Is this of use, you may have to tweak it as its only a draft.


----------



## robgul

HOJ said:


> Is this of use, you may have to tweak it as its only a draft.


Thanks! That's brilliant and a great start - I'm going to make one from MDF to start with to see if it works rather than risk the birch ply cost. I assume that the marked dimensions are as the original item?

Progress may be slow as I'm backed with "orders" for stuff made from pallet timber that people want as Christmas presents! - I'll report back in due course.


----------



## Illy

With the end on diagram and the dimensions also quoted you can use sketchup to scale up to size and then read the various angles and other dimensions directly from sketchup. I did it for a designer chair design I wanted to copy. Step one is to import the picture into sketchup, I then traced over the components with the straight line tool on a new layer. If you tell sketchup the actual measurement of one dimension it will scale the whole thing up. You can then hide the photo layer, just leaving a fully dimensioned plan.

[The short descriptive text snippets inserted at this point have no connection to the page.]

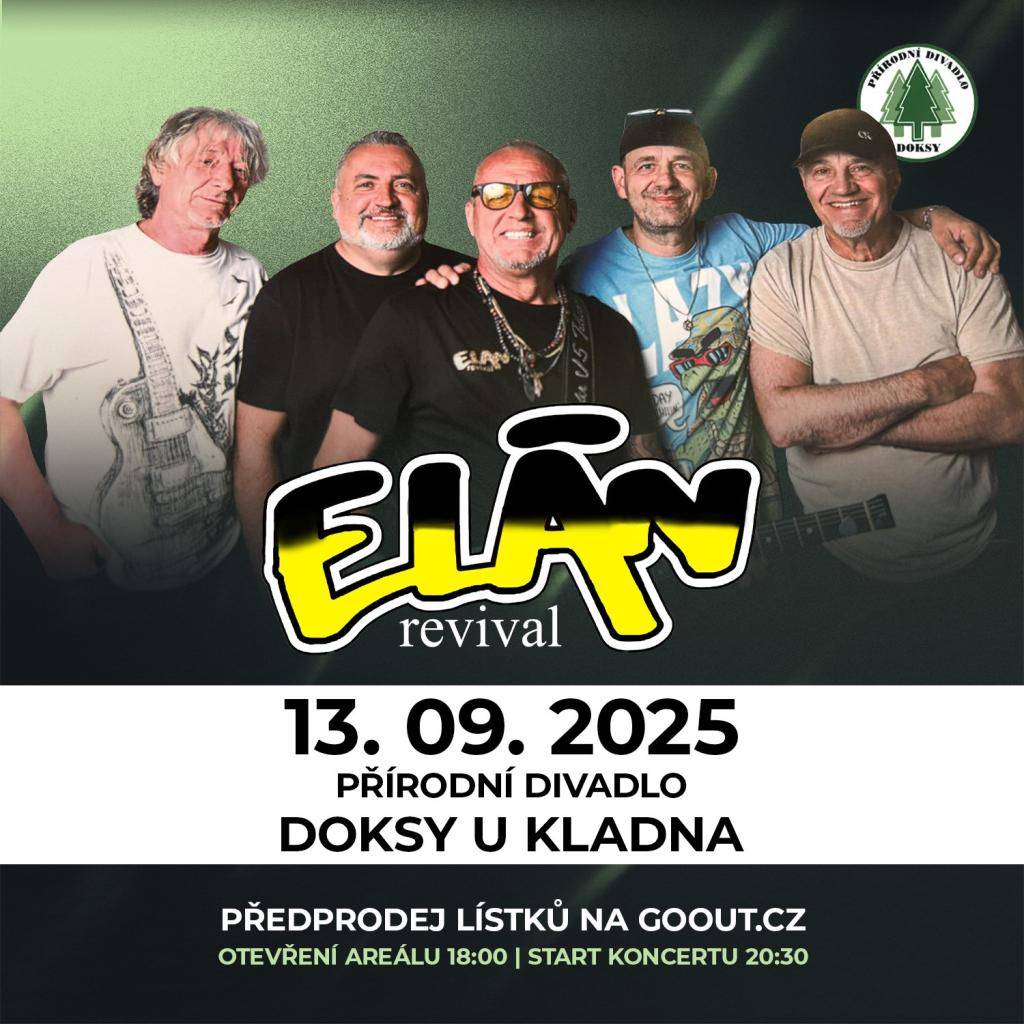 13.9.22025 v Přírodním divadle Doksy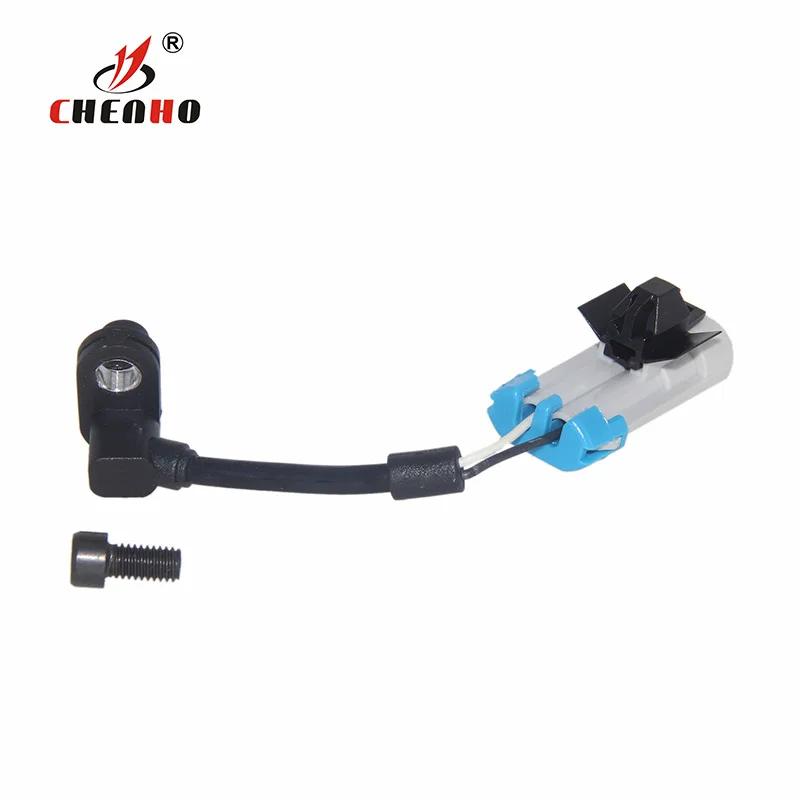 OEM Front Left Right ABS Speed Sensor For C-hevrolet S-uzuki Equinox 96626078 front left abs wheel speed sensor for audi tt a1 a3 rs3 q2 leon ibiza st arona octavia kodiaq karoq oe wht003861 6q0927803a b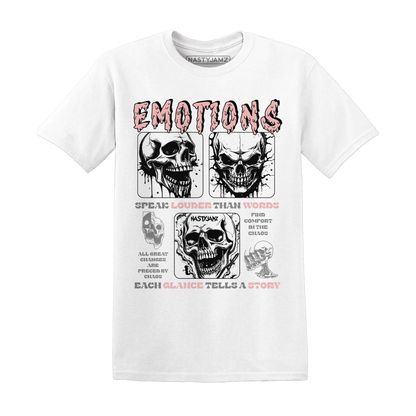 Low-Legend-Pink-11s-NastyJamz-T-Shirt-Match-Emotions-Skull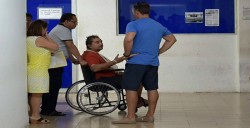 #LordNaziRuso regresa al hospital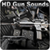 Real Gun Sounds HD Images 2017 icon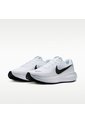 Tenis Nike Revolution 8 Hombre-Blanco/Negro de Nike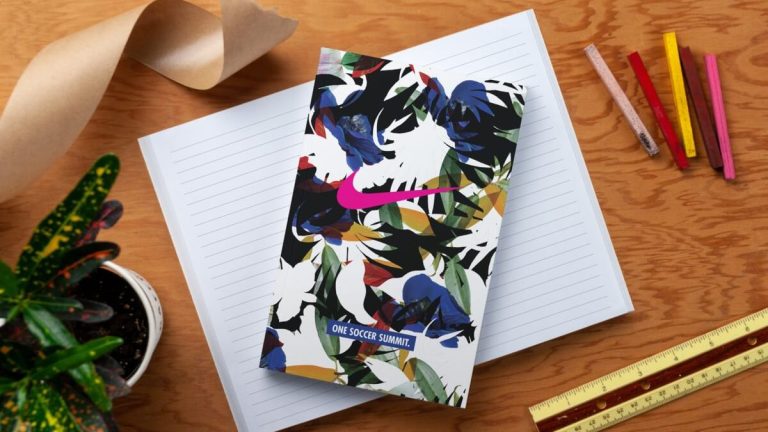 Brand and Social Good Spotlight: Denik Custom Journals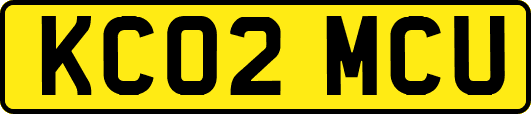 KC02MCU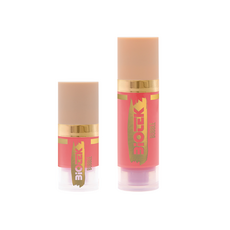 Biotek BUBBLE Pigment Buze Micropigmentare & Microblading 7ml/18ml, image , 2 image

I'm not an expert with sketchup and there was a bit of trial and error (and consulting the internet) but the end result worked a treat - the chair looked exactly as it should. This sketchup technique is a method well worth learning on a wet and windy day when you don't fancy the garage !


----------



## robgul

Illy said:


> With the end on diagram and the dimensions also quoted you can use sketchup to scale up to size and then read the various angles and other dimensions directly from sketchup. I did it for a designer chair design I wanted to copy. Step one is to import the picture into sketchup, I then traced over the components with the straight line tool on a new layer. If you tell sketchup the actual measurement of one dimension it will scale the whole thing up. You can then hide the photo layer, just leaving a fully dimensioned plan.
> 
> I'm not an expert with sketchup and there was a bit of trial and error (and consulting the internet) but the end result worked a treat - the chair looked exactly as it should. This sketchup technique is a method well worth learning on a wet and windy day when you don't fancy the garage !



I think I'll need a lot of wet and windy days as my SketchUp knowledge is below zilch! - I shall persevere


----------